Note each CPU/MPU board had processor two chips on it, the executor and fixor but the board was really not a multiprocessor - the second chip was literally just running kernel code to service the page fault.  Thus (not including the other 68000's processors in graphics or I/O boards) the 500/DP had either 4 68000's or 2 68010 & 2 68000's in it when it had two CPU or two MPU boards in the backplane.  The idea was originally proposed for the Z8000 by Forest Baskett at an early Asilomar conference.   The formal citation is: Forest Baskett: "Pascal and Virtual Memory in a Z8000 or MC68000 based Design Station," COMPCON 80, Digest of Papers, pp 456-459, IEEE Computer Society, Feb. 25, 1980.

On Tue, Jan 21, 2020 at 2:14 PM Warner Losh <imp@bsdimp.com> wrote:


On Tue, Jan 21, 2020, 11:46 AM Clem Cole <clemc@ccc.com> wrote:
sorry...    all MPU boards had to be the revision but we may have done the same with the CPU boards.

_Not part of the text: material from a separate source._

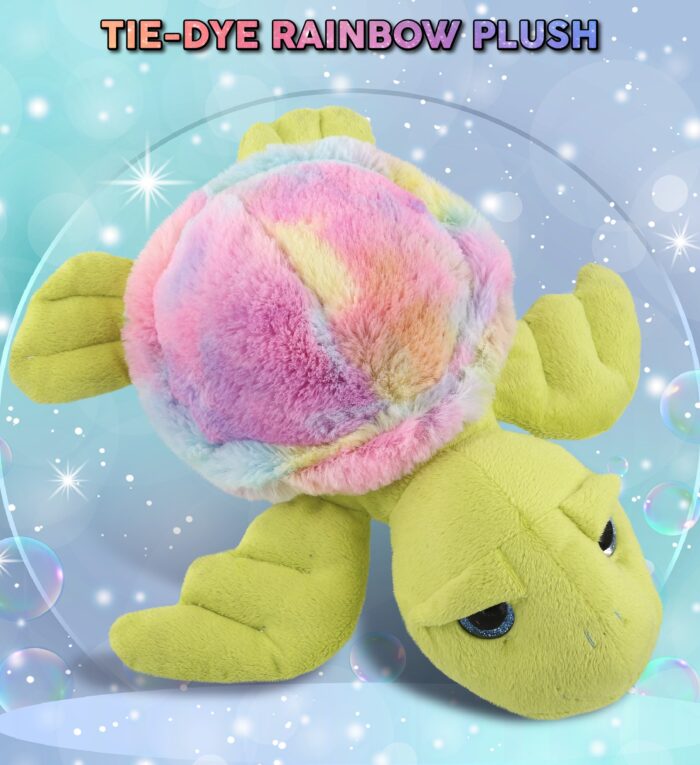 Rainbow Green Sea Turtle 10" - Super-Soft Plush - Image 2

When did Masscomp ship their first MP system?

Warner

On Tue, Jan 21, 2020 at 1:43 PM Clem Cole <clemc@ccc.com> wrote:


On Tue, Jan 21, 2020 at 12:18 PM Jon Steinhart <jon@fourwinds.com> wrote:
My memory is very very very fuzzy on this.  I seem to recall that microcode
state was pushed onto a stack in certain cases,
State, not the code.

In fact, Masscomp having built the first MP UNIX box, ran into this problem early on.  Different processor stepping had different internal microcode state on the stack after an IRQ.  If you resumed with a processor that was a different processor revision, the wrong state was returned.

Will may remember this, but Masscomp issues strick orders to the FE that all CPU boards had to be the revision.  You could not just swap a CPU board, they had to go as sets. It was a real bummer. 

Moto fixed that with the 020 and later devices as more people made MP systems.



 
...  just heard grumbles from other folks about it.
Probably me ...  it took me, tjt and Terry Hayes about 3-4 weeks to figure out that problem.   It was not originally documented, other than to state on certain faults X bytes of reserved information was pushed on the stack.   

BTS: I don't remember, but it may have started with the 68010.   Becuase before that, the 'executor' was wait stated and the fixor handled and fixed the fault so the 68000 never actually saw  fault in the original Masscomp CPU board.   The "MPU" board was the same board with a couple of PAL's changed and an 68010 as the executor.   It was allowed to actually fault and do something else while the fixor corrected the fault.  But the key is that when the fault was repaired, another executor on a different MPU board could be the processor that 'returned' from the fault.   That ended up being a no-no.